* ASSIGNMENT *
The data should be written out in full, exactly as it stands, and the pictures dropped.

* GIVEN MATERIAL *
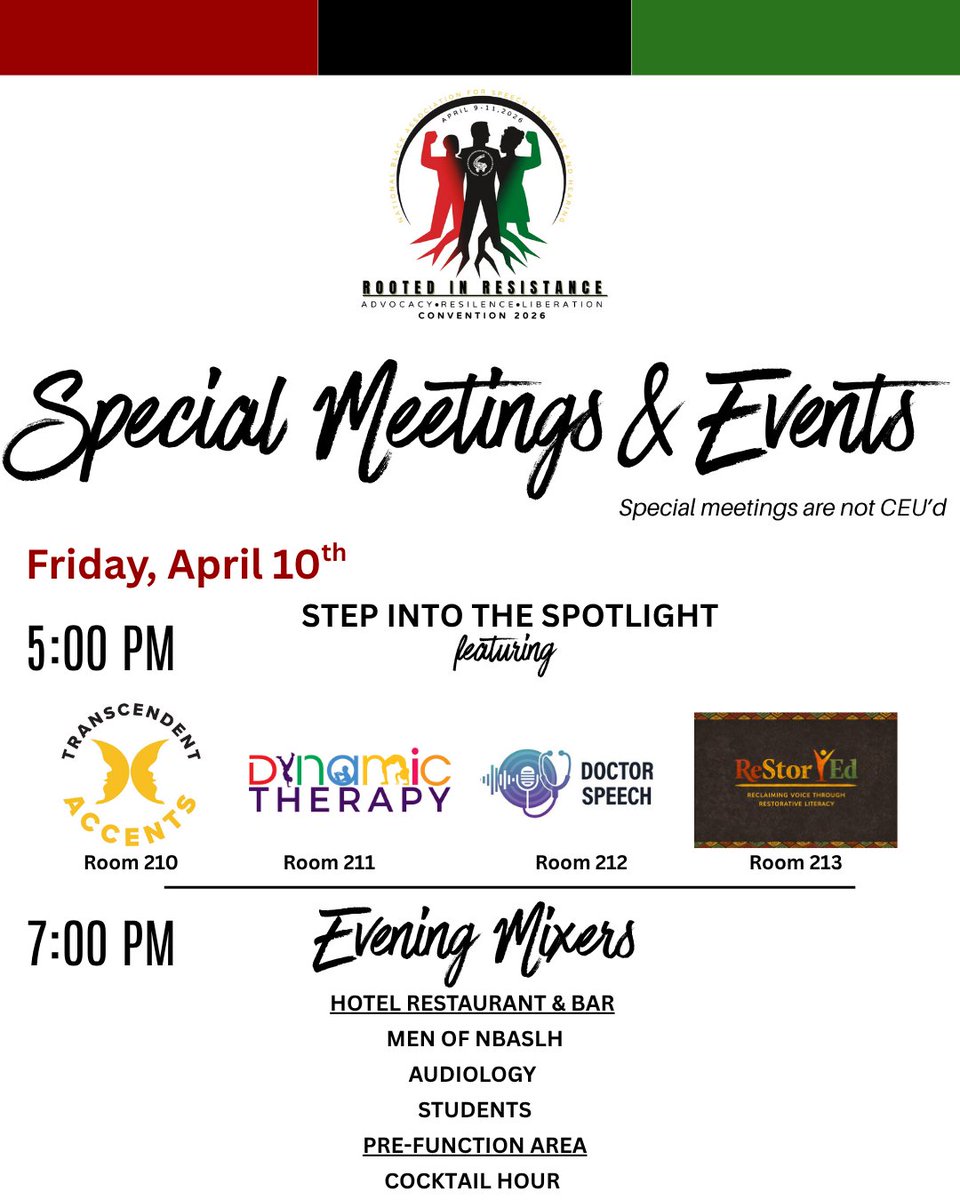 NBASLH's tweet photo. You know we had to be a little extra this year! 👀✨
Take a look at our special meetings and events and make sure they’re on your schedule!❤️🖤💚💛

#NBASLH #NBASLHleads #BlackSLP #BlackAud #SLP #Aud #SLP2b #Aud2b #Asha #nationalnsshla https://t.co/XDaGXw6ysG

* WRITTEN REPLY *
 NBASLH's tweet photo. You know we had to be a little extra this year! 👀✨
Take a look at our special meetings and events and make sure they’re on your schedule!❤️🖤💚💛

#NBASLH #NBASLHleads #BlackSLP #BlackAud #SLP #Aud #SLP2b #Aud2b #Asha #nationalnsshla https://t.co/XDaGXw6ysG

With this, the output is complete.